極秘出産でしたが、宿敵御曹司は愛したがりの溺甘旦那様でした
「未亜」

 名前を呼ばれ我に返る。ここはアパートで、今日は少しだけ早く衛士がやってきたので、茉奈の相手をしてもらっていた。

「な、なに?」

「もう限界らしい」

 洗い物をしていた手を止め、キッチンから顔を覗かせる。ソファに座っている衛士の膝の上で絵本を読んでもらっていた茉奈は、目を半分閉じて船を漕いでいた。

「ありがとう。寝かしてくるね」

 素早く近づき、そっと茉奈を抱き上げる。体を預けてくる茉奈はぽかぽかしていて、小さな存在に愛しさが込み上げた。

 茉奈はすっかり衛士に懐いていて、今日も自分から絵本を持っていって彼に読んでほしいとねだっていた。
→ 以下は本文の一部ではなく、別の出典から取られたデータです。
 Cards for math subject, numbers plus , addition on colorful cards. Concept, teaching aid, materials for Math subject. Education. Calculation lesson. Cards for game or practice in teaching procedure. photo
 衛士が絵本を読むのが意外と上手いことに驚き、ふたりそろって絵本に集中する姿は親子だとしみじみ感じる。

 その光景を見て、なんだか不思議な気持ちになった。いつか茉奈に父親のことをどう説明すべきなのかを、ひそかに悩んでいたから。

 今はまだわかっていなくても、そう遠くない未来に、自分のそばに父親がいないと茉奈も気づく。

 その前に父の決めた相手で茉奈を受け入れてくれる男性とさっさと結婚すべきなのかとも考えたが、覚悟はあっても踏ん切りがつかなかった。

 けれど今、茉奈はごく自然に衛士を受け入れている。もちろん彼のまめな歩み寄りがあってこそだ。

 茉奈の規則正しい寝息を確認して私はリビングに戻った。衛士はソファに座ったままさっきまでの表情とは一転し、今はタブレットを厳しい顔で見つめている。